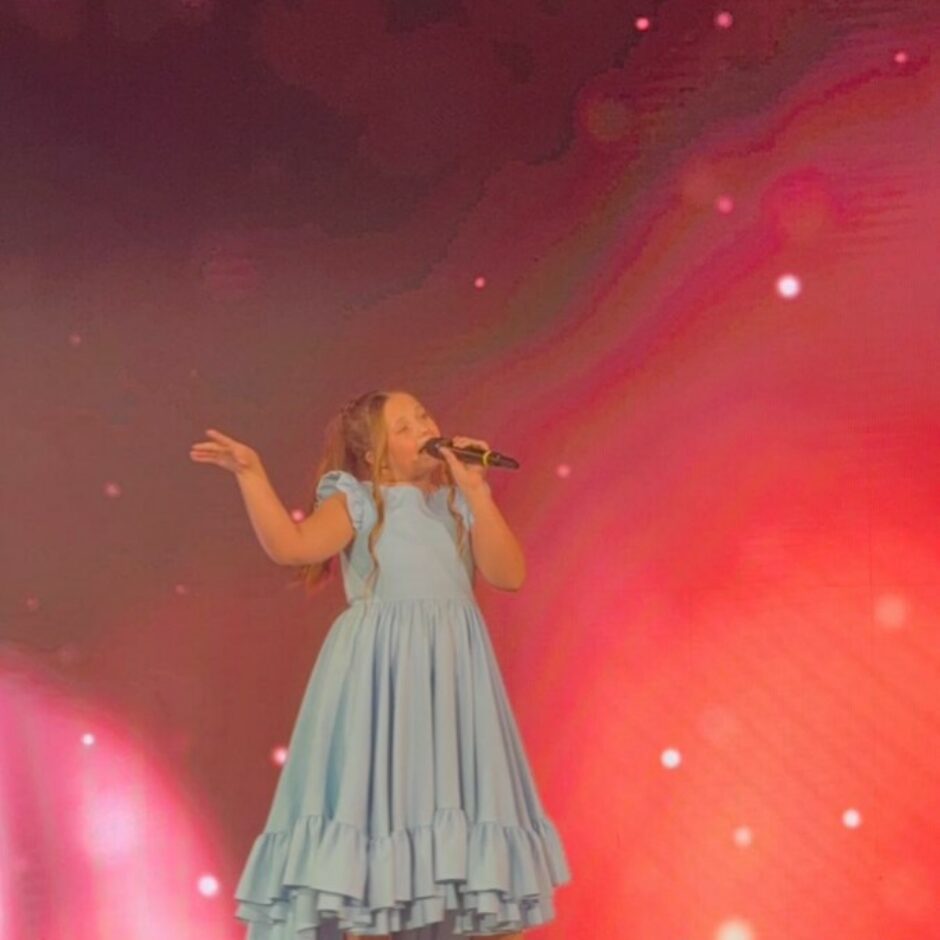 Alises Liepinas Grand prix Dubaja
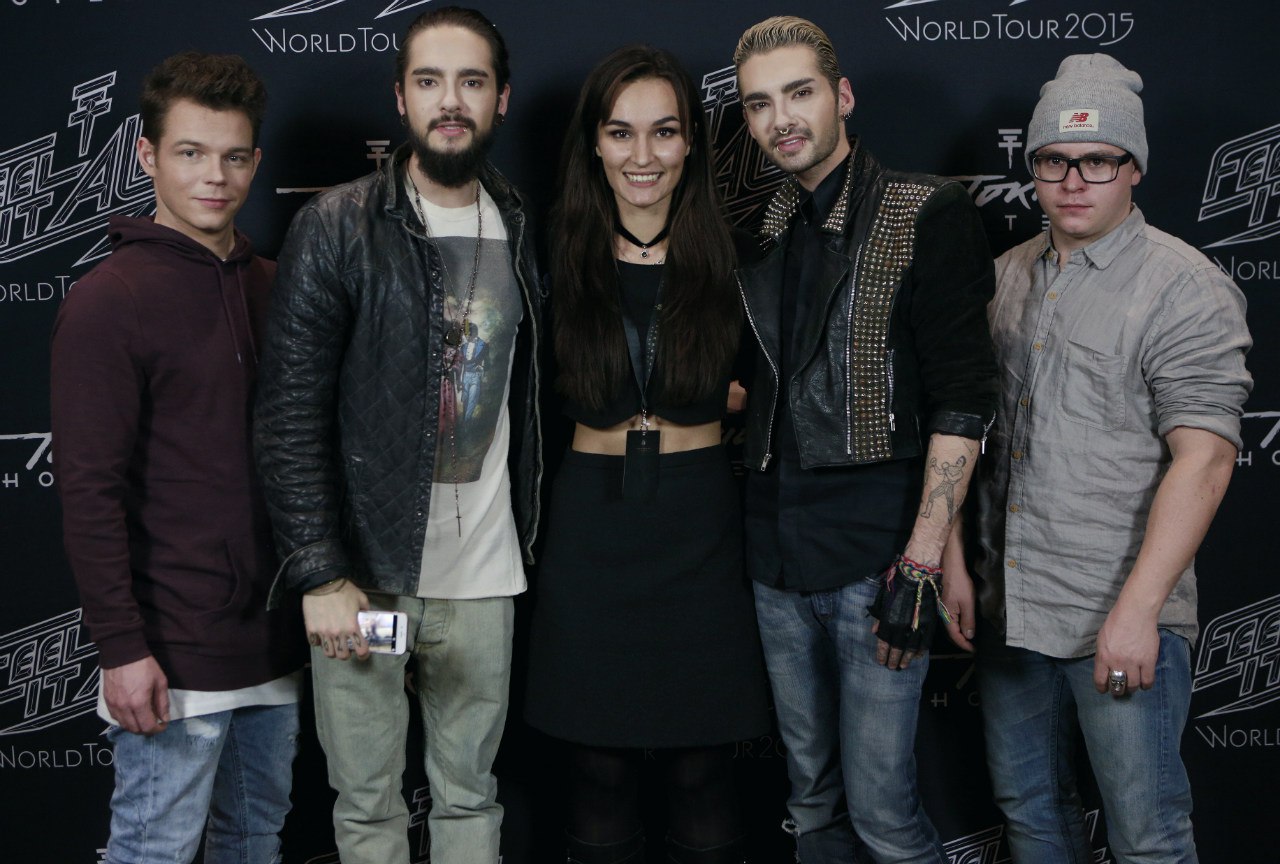 фанфик по tokio hotel я с тобой фото 81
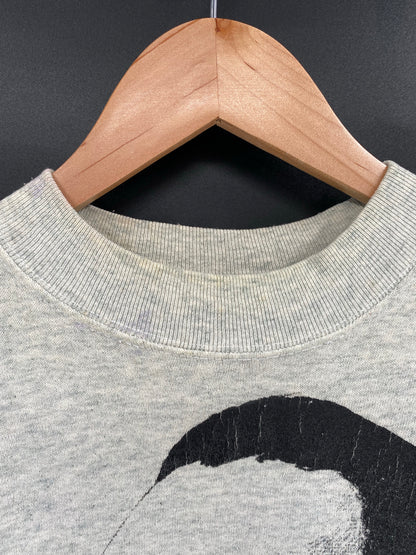 80’s MARTIN LUTHER KING JR Made in USA Size XL Sweat-Shirt / k5584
------------------------------------------------------------------------
Once the line containing "фанфик по tokio hotel я с тобой фото 81" is found, write it out exactly along with every line after it through the end of the listing, excluding pictures.

 фанфик по tokio hotel я с тобой фото 81
 80’s MARTIN LUTHER KING JR Made in USA Size XL Sweat-Shirt / k5584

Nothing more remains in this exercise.